Right now, Lexington Police are investigating claims at Bryan Station High School that a student had pictures sent via text to several classmates.
It can happen fast. One photo can easily end up on dozens of phones.
In the eyes of the law, sexting is a crime
Sending and receiving nude or even semi-nude images of someone underage is a felony, no matter the age of the person who sent it.
While area teens we talked with admit they've never done anything like this, there are plenty of teens who have.
Police say many of them not thinking about who could end up with the photo.
"The main thing we're concerned with is children making these bad choices and unbeknownst to them. that gets on the Internet there are adults who take great pleasure in seeing these images," says Captain Howard Logue with the Electronic Crime Branch of the Kentucky State Police.
So just how many teens are sexting? A recent nationwide study found 20 percent of teens say they have either electronically sent or posted on-line nude or semi-nude photos of themselves.
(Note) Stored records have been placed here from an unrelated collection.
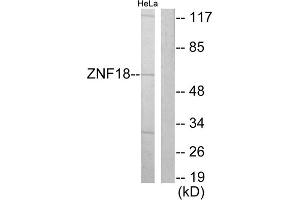 Western blot analysis of extracts from HeLa cells, using ZNF18 antibody. (ZNF18 anticorps  (Internal Region))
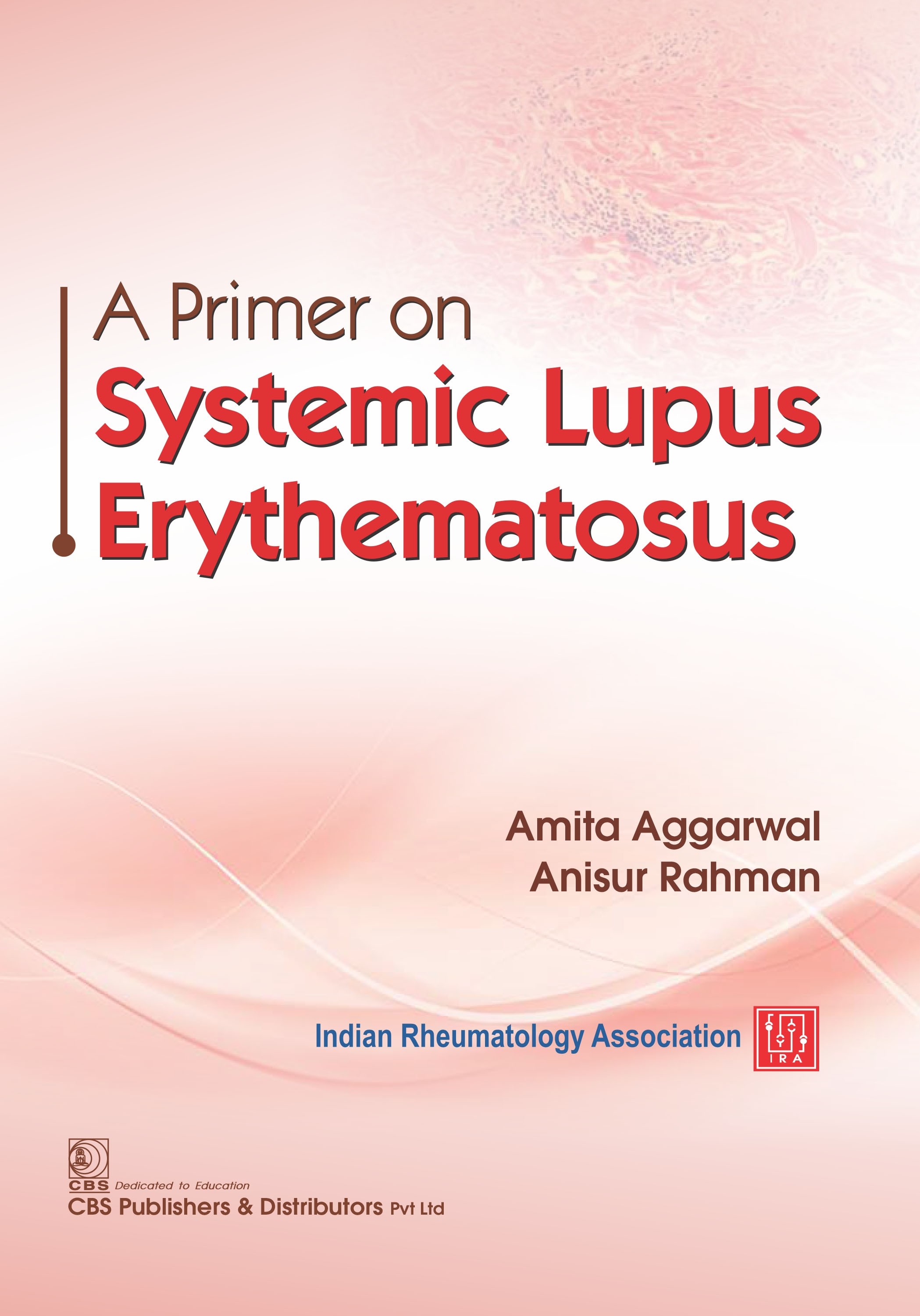 A primer on systemic lupus  erythematosus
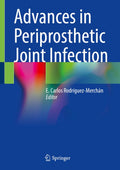 Advances in Periprosthetic Joint Infection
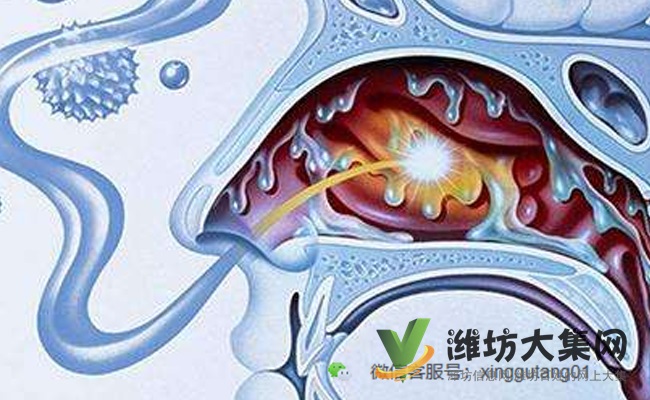 鼻炎是如何慢慢扼殺您的健康的?得了鼻炎怎么治?
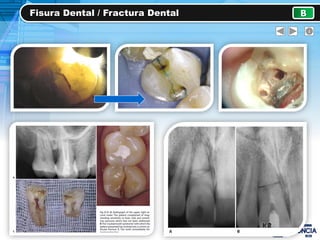 Fisura Dental / Fractura Dental B
 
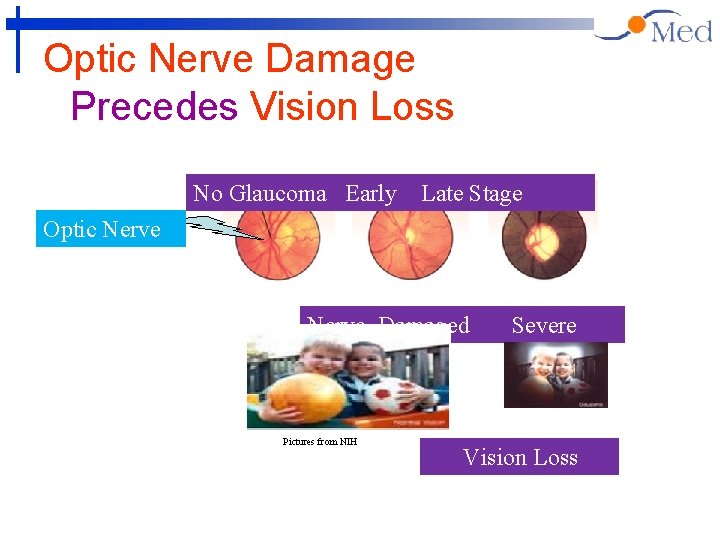 Optic Nerve Damage Precedes Vision Loss No Glaucoma Early Late Stage Optic Nerve Damaged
According to the study by The National Campaign to Prevent Teen and Unplanned Pregnancy and Cosmo Girl, that's roughly one in five young people.
In Frankfort, Kentucky State Police investigators are busy with sexting cases.
Most of them never warrant serious charges, but in other parts of the country that isn't the case.
Just last week, two Mason, Ohio teens were charged with possessing and sending nude photos of two female classmates.
In Greensburg, Pennsylvania three high school girls and four boys were charged with child porn for sending and receiving photos.
In Massachusetts six middle school boys face charges after being accused of exchanging nude photos of a 13-year-old classmate.
And in Waukesha, Wisconsin police are considering charges against a teen who sent a nude photo of a 14-year-old ex-girlfriend to 100 classmates.
While police say some sexting cases are criminal, most are just stupid mistakes that teens often don't realize the seriousness of until after they push send..
"They do make bad decisions, unfortunately that bad decision could be floating around for a long time," says Captain Logue.
Police say teens who send these types of pictures maliciously run the risk of being charged with a felony child pornography charge.
Parents police say pick up your child's phone and check it often, both text messages and pictures.
Police says its the best way to know what's going on with your child.